**YOUR GOAL**
Could you restate word for word every line of the records below, from the first one to the one holding "Victoria Secret bundle - Picture 2 of 5"?

**RECORDS TO PROCESS**
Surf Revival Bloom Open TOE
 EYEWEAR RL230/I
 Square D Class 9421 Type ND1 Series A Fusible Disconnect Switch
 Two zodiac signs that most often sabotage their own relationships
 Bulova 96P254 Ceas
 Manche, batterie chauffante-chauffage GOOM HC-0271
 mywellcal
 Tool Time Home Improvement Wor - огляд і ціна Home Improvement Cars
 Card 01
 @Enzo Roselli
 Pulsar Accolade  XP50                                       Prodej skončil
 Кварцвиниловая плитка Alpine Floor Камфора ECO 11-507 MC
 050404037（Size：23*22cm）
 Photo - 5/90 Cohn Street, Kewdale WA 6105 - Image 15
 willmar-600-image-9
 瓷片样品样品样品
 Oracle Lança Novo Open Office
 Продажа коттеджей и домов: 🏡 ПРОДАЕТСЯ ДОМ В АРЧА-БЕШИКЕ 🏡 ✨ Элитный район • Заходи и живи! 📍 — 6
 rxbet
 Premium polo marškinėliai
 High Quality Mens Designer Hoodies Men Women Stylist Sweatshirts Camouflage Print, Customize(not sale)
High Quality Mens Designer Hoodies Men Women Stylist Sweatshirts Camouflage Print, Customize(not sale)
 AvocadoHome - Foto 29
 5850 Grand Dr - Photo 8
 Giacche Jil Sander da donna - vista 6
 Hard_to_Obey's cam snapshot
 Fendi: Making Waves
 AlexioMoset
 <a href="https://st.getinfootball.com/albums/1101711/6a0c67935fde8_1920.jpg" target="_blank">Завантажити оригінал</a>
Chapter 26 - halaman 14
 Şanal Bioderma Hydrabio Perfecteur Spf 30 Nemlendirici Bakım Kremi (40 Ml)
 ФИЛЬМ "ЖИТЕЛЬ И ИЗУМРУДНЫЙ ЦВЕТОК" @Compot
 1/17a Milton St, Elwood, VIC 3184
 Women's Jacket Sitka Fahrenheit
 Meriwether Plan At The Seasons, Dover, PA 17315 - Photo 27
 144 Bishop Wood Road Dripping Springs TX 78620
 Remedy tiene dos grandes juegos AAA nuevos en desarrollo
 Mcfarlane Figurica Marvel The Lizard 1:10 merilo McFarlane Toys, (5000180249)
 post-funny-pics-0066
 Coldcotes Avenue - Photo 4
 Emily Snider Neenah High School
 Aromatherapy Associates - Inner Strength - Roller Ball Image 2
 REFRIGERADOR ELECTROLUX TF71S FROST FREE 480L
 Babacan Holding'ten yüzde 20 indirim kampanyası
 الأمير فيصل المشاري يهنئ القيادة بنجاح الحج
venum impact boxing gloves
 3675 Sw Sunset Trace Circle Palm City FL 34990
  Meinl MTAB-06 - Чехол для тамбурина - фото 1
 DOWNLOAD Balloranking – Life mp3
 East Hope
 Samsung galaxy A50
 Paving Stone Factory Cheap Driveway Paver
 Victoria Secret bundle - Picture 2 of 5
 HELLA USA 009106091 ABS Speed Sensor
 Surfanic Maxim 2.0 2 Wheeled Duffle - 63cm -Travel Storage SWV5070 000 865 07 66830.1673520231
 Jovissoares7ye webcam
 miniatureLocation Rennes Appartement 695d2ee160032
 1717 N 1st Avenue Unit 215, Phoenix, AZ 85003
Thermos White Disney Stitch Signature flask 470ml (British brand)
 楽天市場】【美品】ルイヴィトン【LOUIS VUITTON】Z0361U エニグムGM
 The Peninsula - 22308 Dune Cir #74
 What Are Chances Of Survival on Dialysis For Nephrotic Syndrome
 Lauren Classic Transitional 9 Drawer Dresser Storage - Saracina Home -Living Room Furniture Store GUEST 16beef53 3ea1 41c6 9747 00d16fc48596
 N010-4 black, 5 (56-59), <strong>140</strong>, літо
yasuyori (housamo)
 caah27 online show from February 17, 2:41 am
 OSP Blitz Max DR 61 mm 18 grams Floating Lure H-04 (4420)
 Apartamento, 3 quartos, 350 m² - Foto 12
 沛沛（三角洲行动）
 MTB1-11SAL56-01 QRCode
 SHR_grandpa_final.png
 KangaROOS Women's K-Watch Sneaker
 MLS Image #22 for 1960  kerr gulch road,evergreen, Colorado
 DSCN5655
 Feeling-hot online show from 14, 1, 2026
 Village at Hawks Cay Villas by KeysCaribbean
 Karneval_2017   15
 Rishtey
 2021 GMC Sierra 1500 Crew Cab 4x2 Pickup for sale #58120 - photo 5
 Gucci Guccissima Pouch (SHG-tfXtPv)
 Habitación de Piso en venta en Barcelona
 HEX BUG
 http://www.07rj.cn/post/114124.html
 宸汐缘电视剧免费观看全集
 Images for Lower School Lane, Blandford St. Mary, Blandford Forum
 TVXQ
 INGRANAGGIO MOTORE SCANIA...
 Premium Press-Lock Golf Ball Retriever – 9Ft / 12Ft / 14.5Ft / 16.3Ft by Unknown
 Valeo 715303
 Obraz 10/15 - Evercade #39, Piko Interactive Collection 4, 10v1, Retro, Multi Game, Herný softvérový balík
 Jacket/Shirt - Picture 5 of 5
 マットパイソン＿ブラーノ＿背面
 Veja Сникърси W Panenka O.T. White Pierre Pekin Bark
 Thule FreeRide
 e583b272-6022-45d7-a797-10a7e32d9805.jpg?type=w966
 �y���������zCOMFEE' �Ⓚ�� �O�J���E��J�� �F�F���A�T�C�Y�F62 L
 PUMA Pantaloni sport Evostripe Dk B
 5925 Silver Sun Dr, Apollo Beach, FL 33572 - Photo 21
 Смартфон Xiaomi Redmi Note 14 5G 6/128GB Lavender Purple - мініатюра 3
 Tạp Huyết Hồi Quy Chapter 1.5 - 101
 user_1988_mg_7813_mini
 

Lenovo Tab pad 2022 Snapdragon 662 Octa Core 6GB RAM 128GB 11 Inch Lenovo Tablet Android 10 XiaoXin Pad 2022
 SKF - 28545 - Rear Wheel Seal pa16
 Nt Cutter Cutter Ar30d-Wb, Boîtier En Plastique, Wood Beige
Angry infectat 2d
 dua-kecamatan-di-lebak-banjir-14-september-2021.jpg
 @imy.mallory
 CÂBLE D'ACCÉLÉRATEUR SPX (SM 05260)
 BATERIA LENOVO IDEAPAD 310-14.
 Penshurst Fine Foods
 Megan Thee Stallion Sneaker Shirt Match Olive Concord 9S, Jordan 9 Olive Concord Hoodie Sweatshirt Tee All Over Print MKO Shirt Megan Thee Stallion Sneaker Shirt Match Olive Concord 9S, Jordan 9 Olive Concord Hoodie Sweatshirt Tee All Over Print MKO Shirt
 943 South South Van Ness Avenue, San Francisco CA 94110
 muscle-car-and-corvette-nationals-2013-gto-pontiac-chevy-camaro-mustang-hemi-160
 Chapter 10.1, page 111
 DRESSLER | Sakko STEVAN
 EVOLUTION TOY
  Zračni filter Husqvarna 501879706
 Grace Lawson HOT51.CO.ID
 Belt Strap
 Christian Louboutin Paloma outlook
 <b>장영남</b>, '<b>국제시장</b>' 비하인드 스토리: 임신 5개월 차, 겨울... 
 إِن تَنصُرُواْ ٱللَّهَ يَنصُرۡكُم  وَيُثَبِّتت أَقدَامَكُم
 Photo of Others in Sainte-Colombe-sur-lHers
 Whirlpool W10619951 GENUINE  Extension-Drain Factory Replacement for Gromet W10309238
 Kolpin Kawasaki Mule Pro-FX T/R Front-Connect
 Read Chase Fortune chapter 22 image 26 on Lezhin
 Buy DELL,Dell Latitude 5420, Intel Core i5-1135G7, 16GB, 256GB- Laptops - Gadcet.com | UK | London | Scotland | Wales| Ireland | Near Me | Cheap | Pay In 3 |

**ANSWER TO THIS EXERCISE**
Surf Revival Bloom Open TOE
 EYEWEAR RL230/I
 Square D Class 9421 Type ND1 Series A Fusible Disconnect Switch
 Two zodiac signs that most often sabotage their own relationships
 Bulova 96P254 Ceas
 Manche, batterie chauffante-chauffage GOOM HC-0271
 mywellcal
 Tool Time Home Improvement Wor - огляд і ціна Home Improvement Cars
 Card 01
 @Enzo Roselli
 Pulsar Accolade  XP50                                       Prodej skončil
 Кварцвиниловая плитка Alpine Floor Камфора ECO 11-507 MC
 050404037（Size：23*22cm）
 Photo - 5/90 Cohn Street, Kewdale WA 6105 - Image 15
 willmar-600-image-9
 瓷片样品样品样品
 Oracle Lança Novo Open Office
 Продажа коттеджей и домов: 🏡 ПРОДАЕТСЯ ДОМ В АРЧА-БЕШИКЕ 🏡 ✨ Элитный район • Заходи и живи! 📍 — 6
 rxbet
 Premium polo marškinėliai
 High Quality Mens Designer Hoodies Men Women Stylist Sweatshirts Camouflage Print, Customize(not sale)
High Quality Mens Designer Hoodies Men Women Stylist Sweatshirts Camouflage Print, Customize(not sale)
 AvocadoHome - Foto 29
 5850 Grand Dr - Photo 8
 Giacche Jil Sander da donna - vista 6
 Hard_to_Obey's cam snapshot
 Fendi: Making Waves
 AlexioMoset
 <a href="https://st.getinfootball.com/albums/1101711/6a0c67935fde8_1920.jpg" target="_blank">Завантажити оригінал</a>
Chapter 26 - halaman 14
 Şanal Bioderma Hydrabio Perfecteur Spf 30 Nemlendirici Bakım Kremi (40 Ml)
 ФИЛЬМ "ЖИТЕЛЬ И ИЗУМРУДНЫЙ ЦВЕТОК" @Compot
 1/17a Milton St, Elwood, VIC 3184
 Women's Jacket Sitka Fahrenheit
 Meriwether Plan At The Seasons, Dover, PA 17315 - Photo 27
 144 Bishop Wood Road Dripping Springs TX 78620
 Remedy tiene dos grandes juegos AAA nuevos en desarrollo
 Mcfarlane Figurica Marvel The Lizard 1:10 merilo McFarlane Toys, (5000180249)
 post-funny-pics-0066
 Coldcotes Avenue - Photo 4
 Emily Snider Neenah High School
 Aromatherapy Associates - Inner Strength - Roller Ball Image 2
 REFRIGERADOR ELECTROLUX TF71S FROST FREE 480L
 Babacan Holding'ten yüzde 20 indirim kampanyası
 الأمير فيصل المشاري يهنئ القيادة بنجاح الحج
venum impact boxing gloves
 3675 Sw Sunset Trace Circle Palm City FL 34990
  Meinl MTAB-06 - Чехол для тамбурина - фото 1
 DOWNLOAD Balloranking – Life mp3
 East Hope
 Samsung galaxy A50
 Paving Stone Factory Cheap Driveway Paver
 Victoria Secret bundle - Picture 2 of 5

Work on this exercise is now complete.